### Source data
######

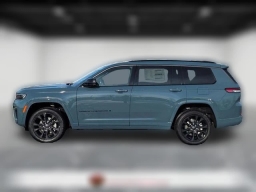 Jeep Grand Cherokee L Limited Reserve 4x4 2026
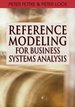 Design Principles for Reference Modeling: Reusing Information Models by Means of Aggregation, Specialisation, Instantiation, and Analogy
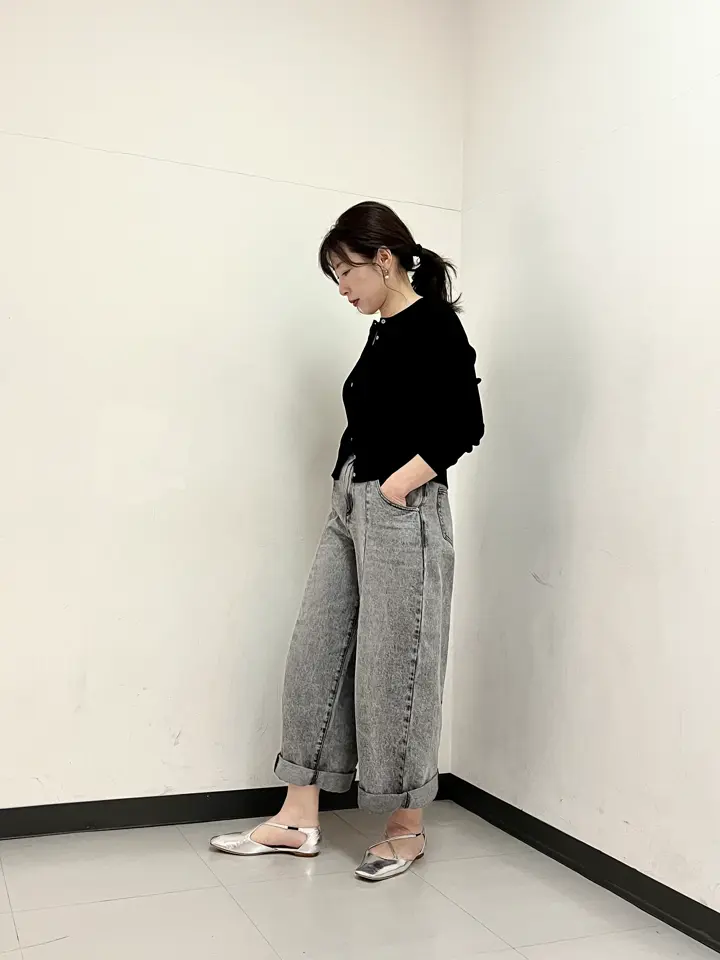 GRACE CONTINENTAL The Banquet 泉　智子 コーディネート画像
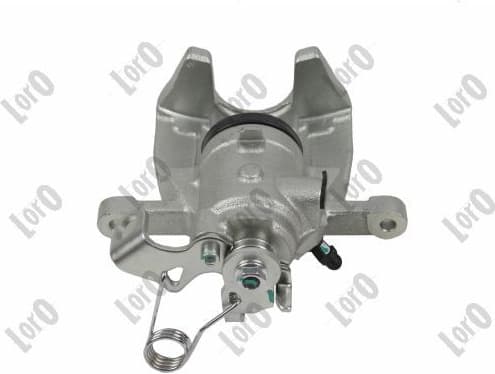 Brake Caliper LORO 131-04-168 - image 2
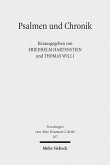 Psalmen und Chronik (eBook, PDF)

######

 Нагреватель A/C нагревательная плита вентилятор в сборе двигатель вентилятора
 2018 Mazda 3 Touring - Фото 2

######

If a picture sits between the line containing "GRACE CONTINENTAL The Banquet 泉　智子 コーディネート画像" and the line containing "Psalmen und Chronik (eBook, PDF)", leave it out, and return the lines of that range above exactly, both ends included.

 GRACE CONTINENTAL The Banquet 泉　智子 コーディネート画像
 Brake Caliper LORO 131-04-168 - image 2
 Psalmen und Chronik (eBook, PDF)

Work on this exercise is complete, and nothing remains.